It's no secret that almost every gamer out there is looking forward to the arrival of full, home-based virtual reality (VR) systems. Immersive VR platforms have been a dream since the days of “Star Trek: The Next Generation” and its holodeck systems. But what about the enterprise? Is there room for VR at the industrial level? The answer, according to a recent study from Tractica, is simple: absolutely.
The Tractica report, titled “Virtual Reality for Enterprise and Industrial Markets,” makes it clear that virtual reality in general will be a huge market. Commercial sector revenue alone will approach the $4.5 billion mark just by 2020, which is up from a comparatively meager $114 million in 2014. Driving that growth will be the revenue from the hardware involved, particularly headsets, and a host of different software from VR content itself to the tools required to create that content. Major gains are also expected from fields like virtual prototyping, training and simulation, and 3D modeling systems.

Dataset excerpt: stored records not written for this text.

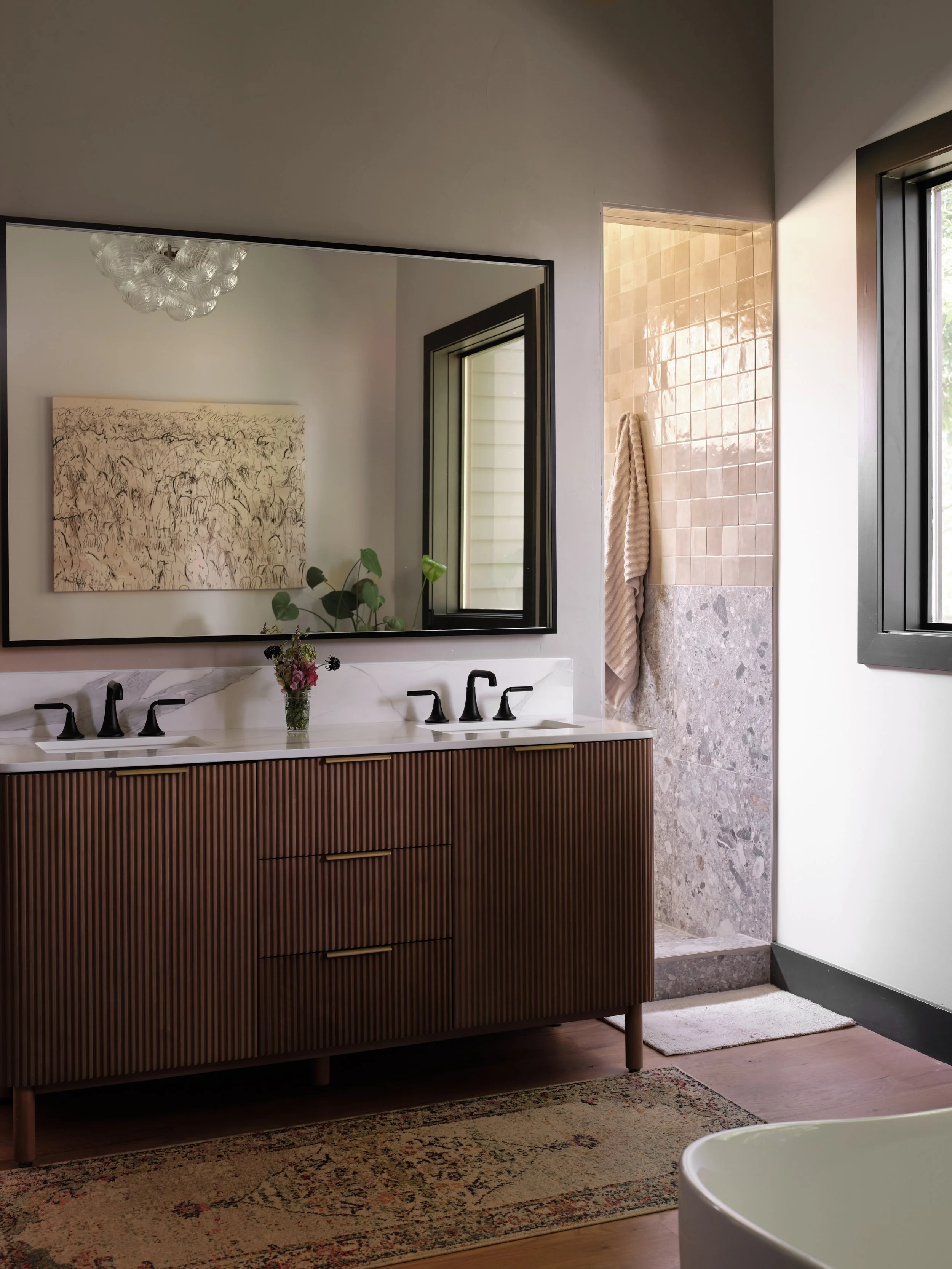 A modern bathroom with a wooden vanity, black fixtures, and a large mirror. There is a window with black framing and a tiled shower area with a towel hanging on the wall. A bathtub is partially visible in the foreground, with a beige rug on the woode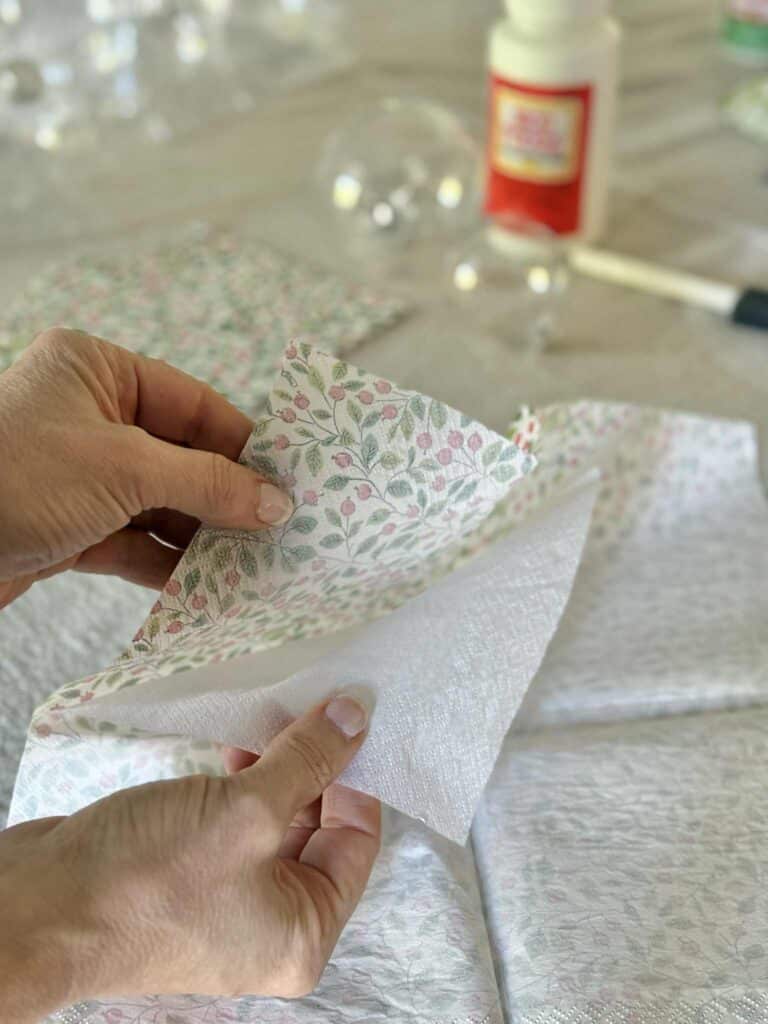 Peeling apart the layers of a paper napkin for a decoupage project.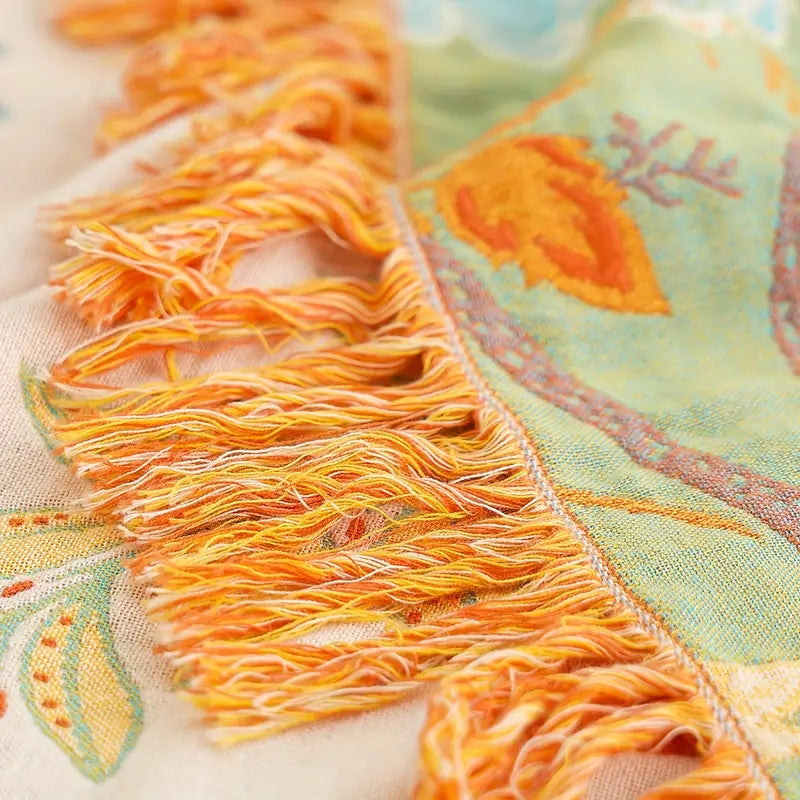Versatile decorative floral cotton throw blanket. A soft boho accent for living room, bedroom, or home decor.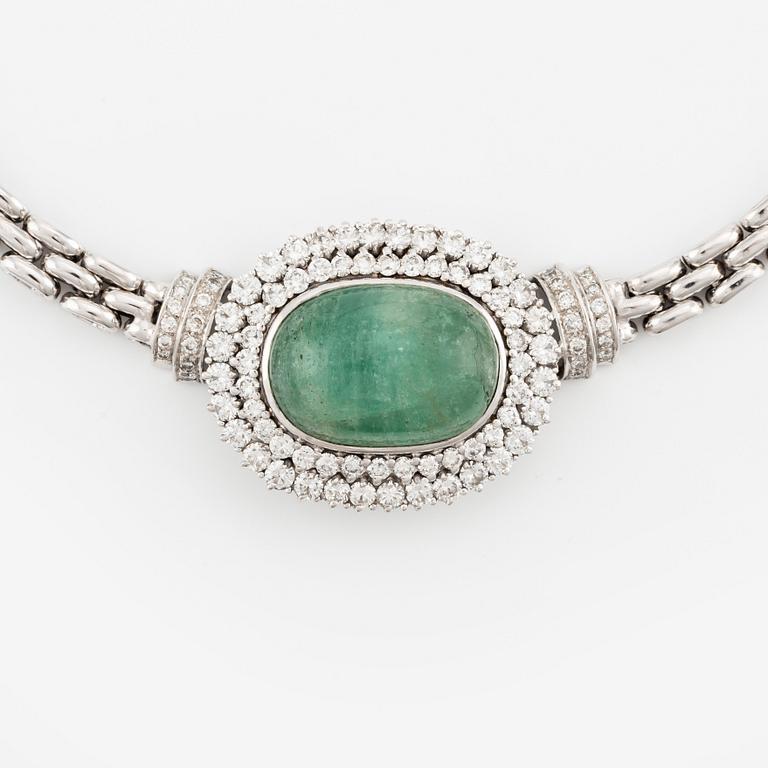 An 18K white gold necklace with a cabochon-cut emerald and round brilliant-cut diamonds.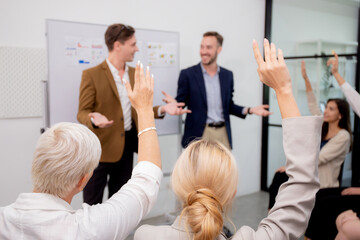 Young caucasian businessman asking opinion and brainstorm of employee while raise hand up for...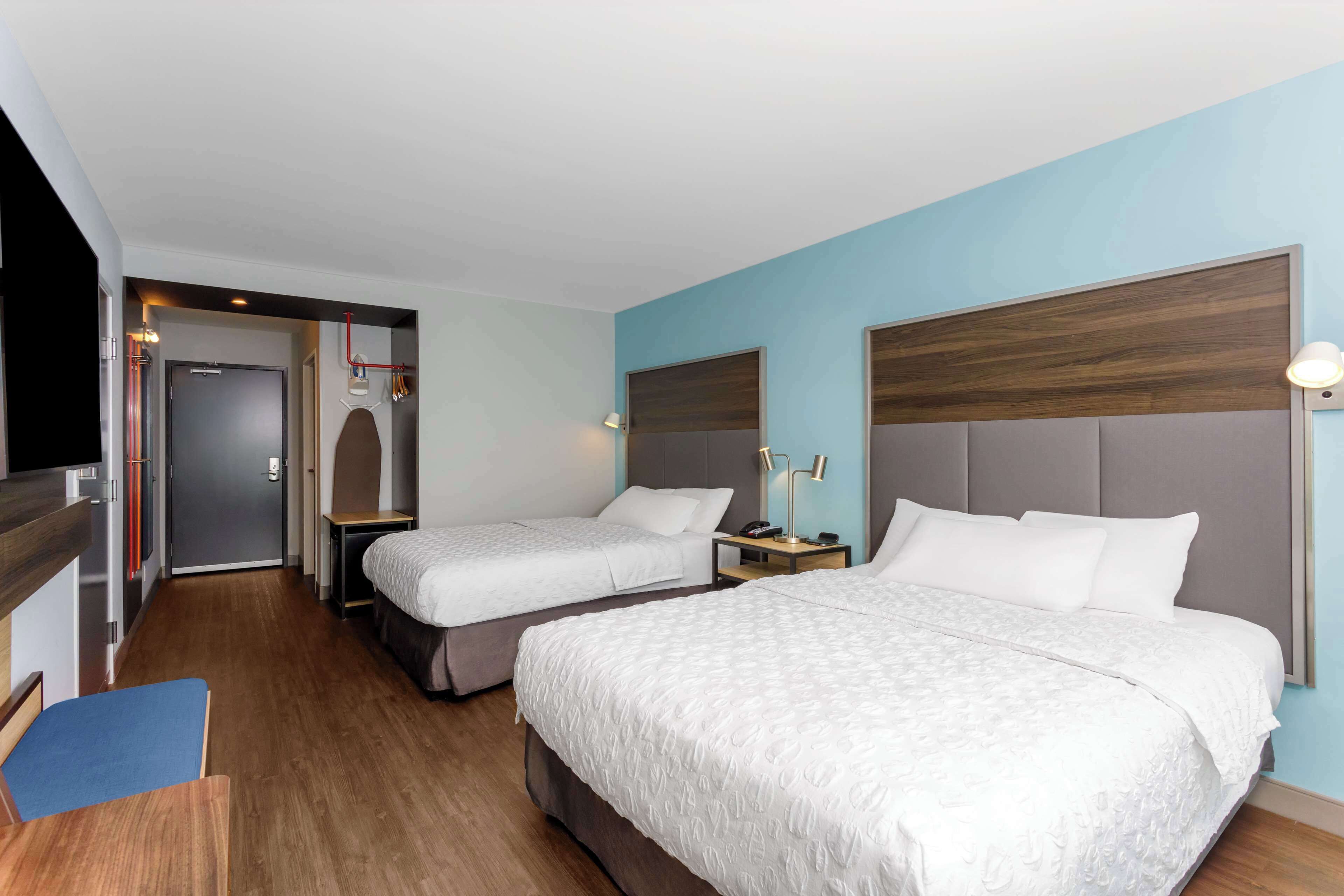 A hotel room with two beds, a desk, and a chair.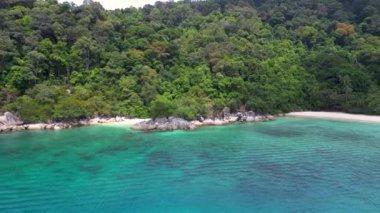 Turkuaz sudaki tekneler, arka planda yemyeşil bir tropik ormanı olan turistlerle dolu beyaz bir kumsal yakınında. panorama yörünge dronu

There are some major challenges, however, that need to be overcome before wide-scale acceptance of this product line can emerge properly. Price is a big concern, but reports suggest that's on the decline thanks to more competition in the field and economies of scale starting to kick in. Getting more people to actually experience VR and seeing what it can do will also be something of a challenge, as there haven't been that many commercially-available VR experiences.
Many of these challenges are either being overcome or are being prepared for, as explained by Tractica principal analyst Craig Foster. Foster offered up some comment around the issue, saying “Virtual reality will take hold first in enterprise and industrial applications that benefit from powerful and versatile visualization tools. As the technology matures and costs decline, VR will increasingly be utilized for more mainstream commercial purposes such as marketing and advertising, travel and tourism, and retail.”
Of all the phrases that could be used to describe the VR market as it is today and likely will be once it goes fully mainstream, “a shortage of use cases” likely won't be on the list. With just about everything from gaming to travelogues to movies to training sessions available as possibilities, VR systems will be a major part of every home and business. Essentially, any use case that today might involve a television or a computer monitor could be replaced with a VR unit, offering more possibilities than any flatscreen display could. Whether it's used as an immersive training system, used to examine three dimensional models from all sides and angles, or just used as a way to further reduce the need for business travel, there are potential advantages all around—opportunities to save on costs, opportunities to make new revenue streams, and so on.
It will likely be at least another few years before VR becomes anything like a mature market, but with some reports predicting commercially available for the Oculus Rift in the early days of 2016, we may see this market emerge sooner than expected. The impact it will have is potentially enormous, especially for the enterprise sector.